Getting into a car, which is able to drive autonomously, will become a habit?
Probably yes and one day cities will become similar to the minority Report metropolis.
These evocative and suggestive images, however, are only the visible part of an iceberg that, although not as dangerous as the one which sink the Titanic, will be able to overturn the whole automotive industry.
Insurances, for instance, are intended for a profound change: if the car fleet became completely independent, It would be little or no point to insure a driver who would shine for his…absence!
Companies should most likely insure vehicles instead of people, so is declared by Volvo which would take responsibility for any accidents that may occur to its cars driving in autonomous mode.
The fleet, however, won’t become autonomous overnight: how to manage the case of accident between an automated guided vehicle and a human guided one?
Will the insurance premiums decrease?
In case of malfunction resulting in an accident, who will be held accountable?

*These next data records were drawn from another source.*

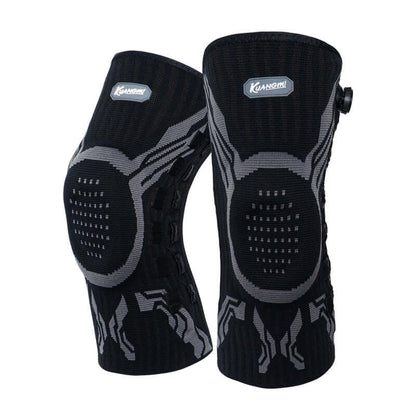 Cylla - Sports Knee Support Brace
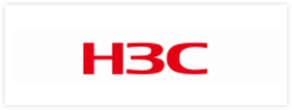 H3C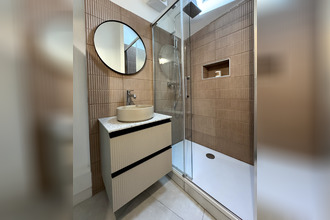  appartement rouen 76000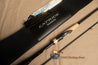Brand New Shimano 22 Expride 272MH-2 Spinning Rod for Bass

Automatic cars, voracious data users, will always be connected: if the telematic infrastructure had, for example, a blackout and this prevented to report in time a tree fell on the road causing an accident, liabilities would fall on network operators?

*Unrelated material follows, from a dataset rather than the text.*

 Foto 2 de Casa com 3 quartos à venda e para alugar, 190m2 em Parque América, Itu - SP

Without distorting mechanisms the premium is estimated on the basis of statistical and probabilistic algorithms, generic or conforming to driver characteristics; they should therefore decline in parallel with accidents reduction, which should be less frequentin a self car fleet.
But before we get to that, things will change: it is estimated that by 2025 the Motor TPL could be reduced by 50% thanks to advanced driver assistance system (in 9 years autonomous vehicles share will be minority) such as the collision brake and the avoidance of obstacles.

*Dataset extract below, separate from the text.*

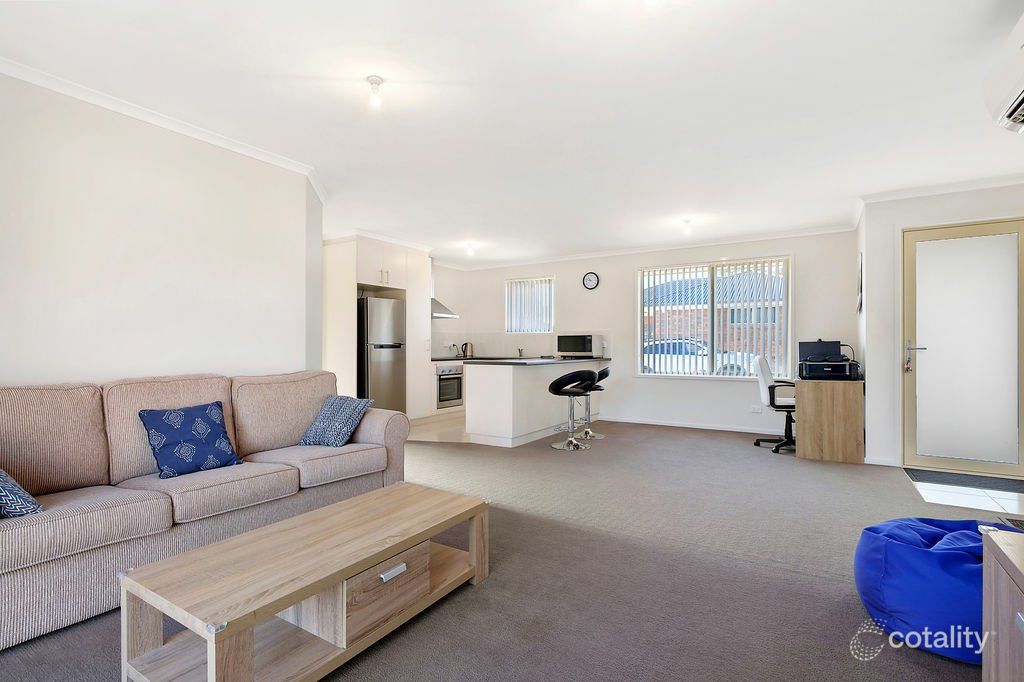 15/1684 Channel Hwy, Margate, TAS 7054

Companies already consider this scenario as real and are moving accordingly: 11 British Insurers, for example, (including Axa, Admiral and Direct Line) have decided to form a consortium themselves into a group which can represent the field when the Government will make laws about driverless vehicles.
For its part, in Downing Street the first laws in this field will be discussed from 2018.
Less cars, more Km
An epochal change will also affect manufacturers and road users as well.
Autonomous vehicles will allow to increase road users including those who cannot drive because they haven’t driver’s license or cannot have it – because they are too young or too old – and disabled people.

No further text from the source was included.